立ち入り禁止区域の入り口には、「火山ガス発生中 山中立ち入り禁止」の立て看板、うっすらと白と灰色の噴煙が上がり、ムッとするような硫黄のにおいが立ち込める。厳重に張られたフェンスの前には、仁王立ちした2人の警備員。昨年6月に警戒レベルが3まで上がり、入山規制がかかった神奈川県の箱根山・大涌谷周辺は、警戒レベルが1まで引き下げられた昨年12月下旬も、物々しい雰囲気だった。
「ある会社は、社員を全員解雇したらしい。これから先、立ち入り禁止が解けて店が再開しても、社員としての再雇用はしない予定だって。元社員たちは泣いています。つらい話です」(地元のタクシー運転手)
マラソンとは異なり、「たすきをつなぐ」スポーツ、駅伝は日本発祥で、私たちの文化になじみが深い。そして数ある駅伝大会の中でも、箱根駅伝は特別な大会だ。
箱根駅伝の魅力にハマってしまい、その風景を自分の目でたしかめたいと、全区間を歩き、『箱根駅伝を歩く』(平凡社)を書いたコラムニストの泉麻人さんが言う。
「きっかけはお正月のバラエティー番組に飽きて始めたこと。テレビ生中継が始まった直後の1989年頃です。都会を出て、山も海も、由緒ある街道も、そうした風光明媚な景色が広がるのが他の大会との違いです。権太坂とか遊行寺とかコース特有の名所も多い。そんな地理性に惹かれて箱根駅伝のファンになりました。また、箱根という土地や、コースから富士山が見えることもお正月には合ったイメージで、1泊2日の小旅行を疑似体験した気分になれる」
1968年のメキシコシティ五輪、1972年のミュンヘン五輪、1976年モントリオール五輪に出場した宇佐美彰朗さんは、1964年、日本大学の4区走者として、箱根駅伝デビューした。
「決まったときは思わず、“替えてくれ”と思うくらい緊張してました。でも、箱根駅伝はとても特別な大会で、あれを超えるものはないですね。チーム作りにかける時間も違いますし、かかわる人数も違う。区ごとに上級生をサブリーダーにしてチームを作り、結束を高めていき、本番を迎える。緊張感と団結力が心地良い大会です」
今やお正月の風物詩となった箱根駅伝だが、昨年の噴火騒動で、一時は“大会中止か”と危ぶむ声もあがった。しかし、大会直前の12月下旬、箱根を訪れたところ、聞こえてきた声は、“大会は必ず開催される”と信じるものばかりだった。

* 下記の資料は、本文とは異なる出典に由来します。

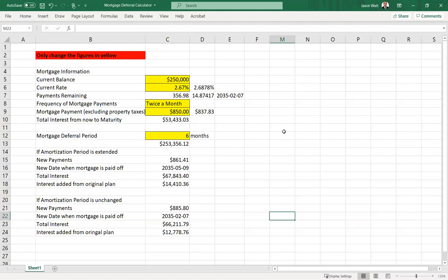So you can download this. I'll have the link in the show notes to download it from Google Drive and then you can work through it. The intention here is to help you calculate the cost of deferring your mortgage.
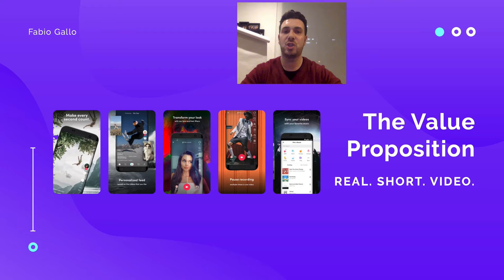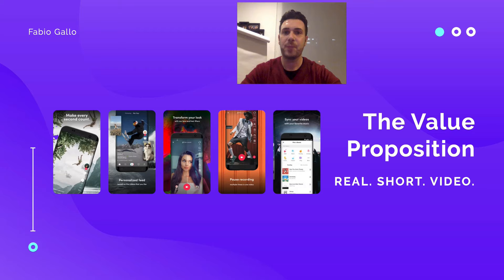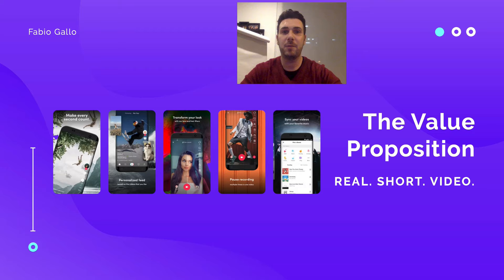TikTok's value proposition is: it's real, it's short, and it's about video. 'Real' means content is auto-generated by users — typically the young generation who like to be funny and creative. 'Short' means videos are between 15 and 60 seconds in length. And 'video' because TikTok is 95% video-based, with only a few options to include pictures.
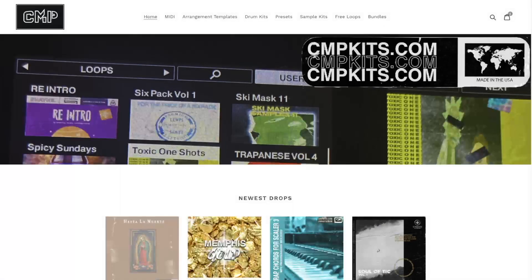Don't forget to hit up CMPKits.com and get yourself Dark Chords for Scaler. This is the new addition to the Chords for Scaler series and it includes the MIDI files and the .progression files, so you don't need Scaler to use it. You can just use your MPC or just use the plain old MIDI.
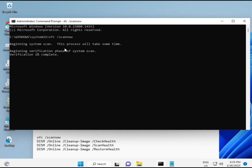The first command is sfc /scannow — you'll see a percentage progress on screen. The second command checks the health of your computer, the third also checks health, and the fourth restores your health. All four commands are very important for your computer. You can manually type them or copy-paste from the description link.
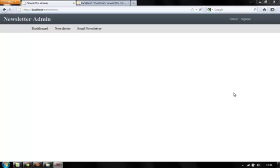Welcome back guys to part 8 on PHP and MySQL based newsletter system. Today we would be going ahead and we would be creating a page to edit our newsletters or to send them out.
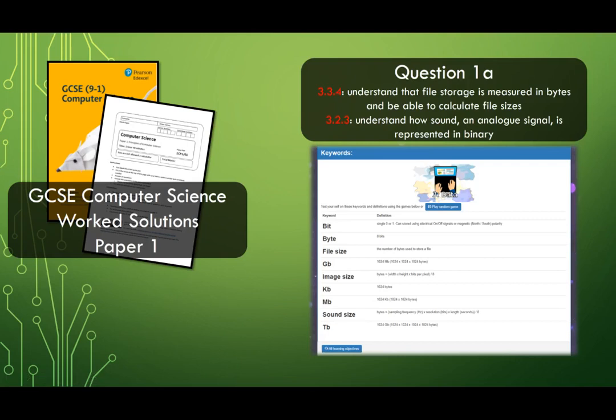Thanks for watching this first video in a series of worked solutions for Edexcel's GCSE Computer Science, designed for students to help you prepare and revise for Paper 1. All of these videos will work through the same past paper, one question at a time.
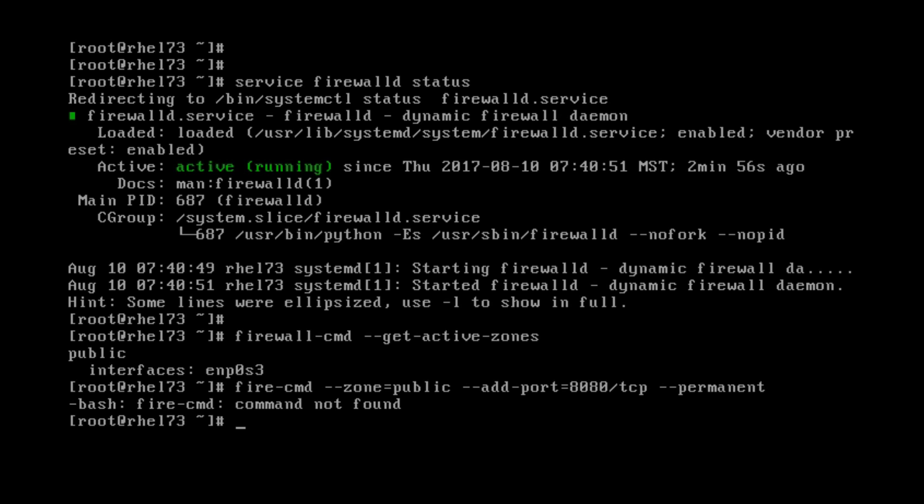So you hit it. Oh, and I have a spelling error. I typed it wrong. So let's go back. Fix my spelling error.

「中止はありえません。大涌谷の火口に近いところに住んでいますが、警戒レベル3のときでも危険を感じたことはありませんでした。いざというときの対策もできています。毎年ずっと続いてきた大会が、レベル1なのにできないなんてことはないはずです。選手や応援する人たちを不安にさせるような報道はやめてほしいんです」(60代女性)
“箱根駅伝を中止にはしない”“今年もたすきをつなぐ”—──その思いは、この90年、消えたことがない。それは、走者も観客も同じだ。